Rule 33(d): Interrogatories to Parties; Option to Produce Business Records.This rule provides that where the answer to an interrogatory may be derived from electronically stored information, and the burden of deriving the answer is substantially the same for the responding party and the requesting party, it is a sufficient answer to the interrogatory to specify the records from which the answer may be derived or ascertained. The responding party must allow the requesting party reasonable opportunity to examine, audit of inspect such records and make copies, compilations, abstracts or summaries.

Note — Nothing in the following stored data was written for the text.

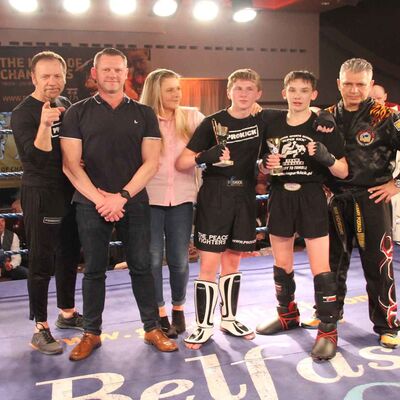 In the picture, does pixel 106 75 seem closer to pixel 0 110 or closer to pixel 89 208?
pixel 89 208

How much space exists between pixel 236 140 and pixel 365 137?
2.00ft

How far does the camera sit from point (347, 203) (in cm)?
250

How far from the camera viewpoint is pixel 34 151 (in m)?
2.26

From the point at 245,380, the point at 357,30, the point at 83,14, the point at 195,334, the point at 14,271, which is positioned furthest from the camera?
the point at 357,30

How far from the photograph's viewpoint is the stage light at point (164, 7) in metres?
6.29

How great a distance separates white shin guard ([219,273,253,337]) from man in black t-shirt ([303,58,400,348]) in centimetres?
60

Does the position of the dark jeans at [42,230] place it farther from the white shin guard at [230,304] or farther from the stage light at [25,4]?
the stage light at [25,4]

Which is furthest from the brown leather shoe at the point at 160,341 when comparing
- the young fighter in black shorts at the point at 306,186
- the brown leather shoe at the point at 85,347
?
the young fighter in black shorts at the point at 306,186

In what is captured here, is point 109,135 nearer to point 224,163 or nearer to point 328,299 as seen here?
point 224,163

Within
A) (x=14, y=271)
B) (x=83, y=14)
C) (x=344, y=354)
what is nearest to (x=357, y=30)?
(x=83, y=14)

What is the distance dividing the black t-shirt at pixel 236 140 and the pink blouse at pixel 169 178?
4.4 inches

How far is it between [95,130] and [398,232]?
3255 millimetres

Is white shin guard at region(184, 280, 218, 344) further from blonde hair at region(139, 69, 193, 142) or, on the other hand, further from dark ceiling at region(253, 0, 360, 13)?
dark ceiling at region(253, 0, 360, 13)

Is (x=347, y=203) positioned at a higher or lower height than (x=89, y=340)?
higher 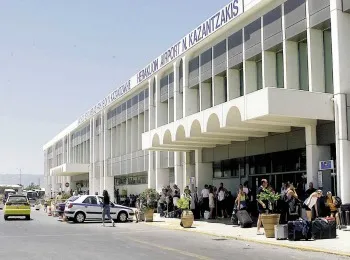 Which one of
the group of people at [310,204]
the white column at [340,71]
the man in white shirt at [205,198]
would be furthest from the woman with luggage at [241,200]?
the man in white shirt at [205,198]

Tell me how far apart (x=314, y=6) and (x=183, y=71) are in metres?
13.3

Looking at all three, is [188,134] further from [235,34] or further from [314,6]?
[314,6]

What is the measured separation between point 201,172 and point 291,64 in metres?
11.0

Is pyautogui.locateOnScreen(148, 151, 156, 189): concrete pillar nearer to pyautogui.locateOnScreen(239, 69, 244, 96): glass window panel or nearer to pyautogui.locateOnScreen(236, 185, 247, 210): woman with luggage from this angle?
pyautogui.locateOnScreen(239, 69, 244, 96): glass window panel

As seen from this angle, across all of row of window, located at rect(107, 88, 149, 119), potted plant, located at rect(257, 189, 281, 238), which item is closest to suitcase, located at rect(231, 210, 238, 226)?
potted plant, located at rect(257, 189, 281, 238)

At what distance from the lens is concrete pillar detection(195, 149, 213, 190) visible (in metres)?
32.9

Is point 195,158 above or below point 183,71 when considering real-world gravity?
below

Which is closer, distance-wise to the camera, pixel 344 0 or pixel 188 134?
pixel 344 0

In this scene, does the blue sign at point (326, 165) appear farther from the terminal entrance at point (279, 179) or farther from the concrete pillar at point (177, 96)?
the concrete pillar at point (177, 96)

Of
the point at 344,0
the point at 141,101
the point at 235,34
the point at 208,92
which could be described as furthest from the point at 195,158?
the point at 344,0

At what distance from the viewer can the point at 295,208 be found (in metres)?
20.8

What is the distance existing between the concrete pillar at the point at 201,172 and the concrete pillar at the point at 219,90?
3.76 metres

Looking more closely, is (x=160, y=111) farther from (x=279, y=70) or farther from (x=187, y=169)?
(x=279, y=70)

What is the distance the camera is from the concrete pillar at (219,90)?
102ft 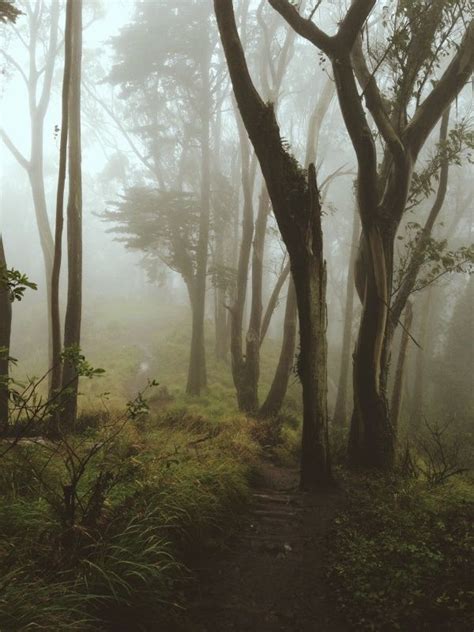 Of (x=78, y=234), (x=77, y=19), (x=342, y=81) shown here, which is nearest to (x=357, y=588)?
(x=342, y=81)

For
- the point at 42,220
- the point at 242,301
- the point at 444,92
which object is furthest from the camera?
the point at 42,220

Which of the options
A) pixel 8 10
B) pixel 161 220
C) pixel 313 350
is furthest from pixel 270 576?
pixel 161 220

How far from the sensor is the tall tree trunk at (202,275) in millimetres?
14114

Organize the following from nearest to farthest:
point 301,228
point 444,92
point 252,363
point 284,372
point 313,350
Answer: point 301,228 < point 313,350 < point 444,92 < point 284,372 < point 252,363

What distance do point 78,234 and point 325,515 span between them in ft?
21.4

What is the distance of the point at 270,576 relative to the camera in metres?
3.92

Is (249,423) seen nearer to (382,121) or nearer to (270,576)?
(270,576)

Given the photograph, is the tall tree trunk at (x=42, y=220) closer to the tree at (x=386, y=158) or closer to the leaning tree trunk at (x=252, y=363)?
the leaning tree trunk at (x=252, y=363)

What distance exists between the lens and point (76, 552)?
3076 millimetres

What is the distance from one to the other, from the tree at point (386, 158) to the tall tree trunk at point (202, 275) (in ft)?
24.6

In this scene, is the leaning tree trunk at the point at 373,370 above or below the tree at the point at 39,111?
below

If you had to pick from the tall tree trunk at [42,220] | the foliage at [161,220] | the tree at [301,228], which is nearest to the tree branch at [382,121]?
the tree at [301,228]

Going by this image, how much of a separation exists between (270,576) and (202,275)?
36.7 feet

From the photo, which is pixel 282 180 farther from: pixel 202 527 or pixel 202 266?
pixel 202 266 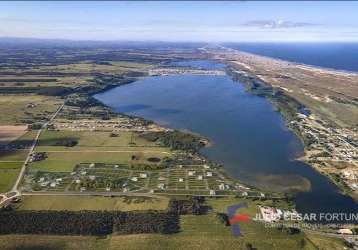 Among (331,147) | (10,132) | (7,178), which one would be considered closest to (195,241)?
(7,178)

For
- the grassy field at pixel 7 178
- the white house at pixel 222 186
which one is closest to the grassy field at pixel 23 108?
the grassy field at pixel 7 178

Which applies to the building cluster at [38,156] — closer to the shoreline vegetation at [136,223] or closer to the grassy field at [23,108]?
the shoreline vegetation at [136,223]

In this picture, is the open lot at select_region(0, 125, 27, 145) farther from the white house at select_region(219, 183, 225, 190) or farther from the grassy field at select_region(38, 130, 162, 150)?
the white house at select_region(219, 183, 225, 190)

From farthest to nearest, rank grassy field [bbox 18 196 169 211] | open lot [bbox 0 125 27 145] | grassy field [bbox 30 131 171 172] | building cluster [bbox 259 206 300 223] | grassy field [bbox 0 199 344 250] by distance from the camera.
Result: open lot [bbox 0 125 27 145] → grassy field [bbox 30 131 171 172] → grassy field [bbox 18 196 169 211] → building cluster [bbox 259 206 300 223] → grassy field [bbox 0 199 344 250]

Rule 34(a);(b): Production of Documents, Electronically Stored Information, and Things and Entry Upon Land for Inspection and other Purposes; Procedure.This rule provides that any party may serve on any other party a request to produce electronically stored information. The rule would also permit the party making the request to inspect, copy, test or sample electronically stored information stored in any medium from which information can be obtained - translated if necessary by the responding party into a reasonably usable form. The rule provides that the request may specify the form or forms in which electronically stored information is to be produced. The producing party may object to the requested form or forms for producing electronically stored information stating the reason for the objection. If an objection is made to the form or forms for producing electronically stored information - or no form was made in the request - the responding party would be required to state the form or forms it intends to use. If a request does not specify the form or forms for producing electronically stored information, a responding party must produce the information in a form or forms in which it is ordinarily maintained or in a form or forms that are reasonably usable. A party need not produce the same electronically stored information in more than one form.

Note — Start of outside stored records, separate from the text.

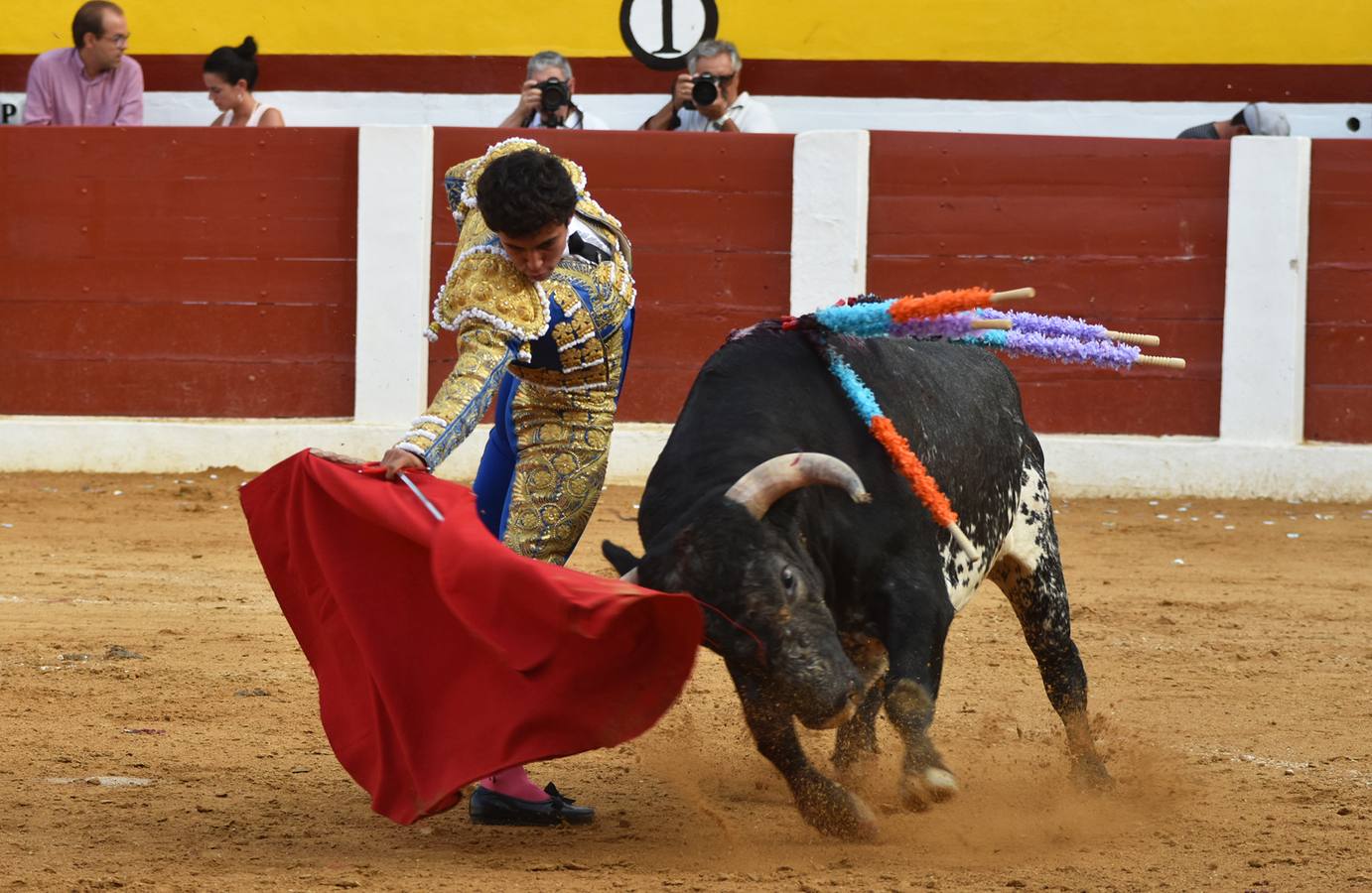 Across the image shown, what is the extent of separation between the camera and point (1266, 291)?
7004 mm

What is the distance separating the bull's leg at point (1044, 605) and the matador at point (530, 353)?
83cm

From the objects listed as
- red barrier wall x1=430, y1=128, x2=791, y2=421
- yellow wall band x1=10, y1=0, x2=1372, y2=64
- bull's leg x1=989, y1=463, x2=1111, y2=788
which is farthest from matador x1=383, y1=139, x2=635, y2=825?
yellow wall band x1=10, y1=0, x2=1372, y2=64

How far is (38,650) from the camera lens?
13.8 feet

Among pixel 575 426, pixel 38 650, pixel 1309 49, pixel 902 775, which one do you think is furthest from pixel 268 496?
pixel 1309 49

Rule 37(f): Failure to Make Disclosures or Cooperate in Discovery Sanctions; Electronically Stored Information.This section of Rule 37 provides that absent exceptional circumstances, a court may not impose sanctions under the rules on a party for failing to provide electronically stored information lost as a result of the routine, good faith operation of an electronic information system.

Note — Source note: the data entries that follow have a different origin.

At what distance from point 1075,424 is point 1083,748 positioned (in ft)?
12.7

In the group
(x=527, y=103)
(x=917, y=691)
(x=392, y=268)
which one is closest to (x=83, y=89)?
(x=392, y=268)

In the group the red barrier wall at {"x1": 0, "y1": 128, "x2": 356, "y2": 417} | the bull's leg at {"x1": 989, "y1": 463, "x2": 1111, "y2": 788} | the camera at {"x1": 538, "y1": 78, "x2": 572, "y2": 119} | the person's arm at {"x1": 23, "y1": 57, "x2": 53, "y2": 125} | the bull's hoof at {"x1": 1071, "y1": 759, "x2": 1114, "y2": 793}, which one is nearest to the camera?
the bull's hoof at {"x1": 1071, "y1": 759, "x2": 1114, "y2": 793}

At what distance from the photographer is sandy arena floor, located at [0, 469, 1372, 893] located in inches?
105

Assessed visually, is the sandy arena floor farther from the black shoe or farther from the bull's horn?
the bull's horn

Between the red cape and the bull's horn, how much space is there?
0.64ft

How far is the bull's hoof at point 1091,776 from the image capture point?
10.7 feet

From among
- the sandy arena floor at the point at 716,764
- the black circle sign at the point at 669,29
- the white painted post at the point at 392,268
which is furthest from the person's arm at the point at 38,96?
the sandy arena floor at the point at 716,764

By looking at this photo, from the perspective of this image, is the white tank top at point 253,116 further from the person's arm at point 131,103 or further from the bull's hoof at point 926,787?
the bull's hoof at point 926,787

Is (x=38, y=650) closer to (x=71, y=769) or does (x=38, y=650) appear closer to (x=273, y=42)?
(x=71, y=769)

Rule 45 Subpoena; Form; Issuance: This rule adds that a subpoena shall command each person to whom it is directed to attend and give testimony or to produce and permit inspection, copying, testing, or sampling of among other things, electronically stored information. In addition, a subpoena may specify the form or forms in which electronically stored information is to be produced. Subpoenas may be served to not only inspect materials but to copy, test or sample those materials. Similarly to Rule 34, if a subpoena did not specify the form or forms for producing electronically stored information, a responding party is required to produce the information in a form or forms in which it is ordinarily maintained or in a form or forms that are reasonably usable; and a party need not produce the same electronically stored information in more than one form. As in Rule 26(b)(2)(B), a party need not provide discovery of electronically stored information from sources that the party identifies as not reasonably accessible because of undue burden or cost. On both a motion to compel discovery or for a protective order, the burden is on the responding party to show that the information is not reasonably accessible because of undue burden or cost. Even if that showing is made, the court may nonetheless order discovery from that party if the requesting party shows good cause, considering the limitations that are set forth in Rule 26(b)(2)(C) (i.e. whether the discovery sought is cumulative, burden of expense outweighs the benefit, etc.). The court may also specify conditions for the discovery. Similarly to Rule 26(b)(5)(B), if information is produced in response to a subpoena that is subject to a claim of privilege or protection as trial-preparation material, the party making the claim may notify any party that received the information of the claim and the basis for it. After being notified a party would be required to promptly return, sequester, or destroy the specified information and any copies it has and may not use or disclose this information until the claim is resolved.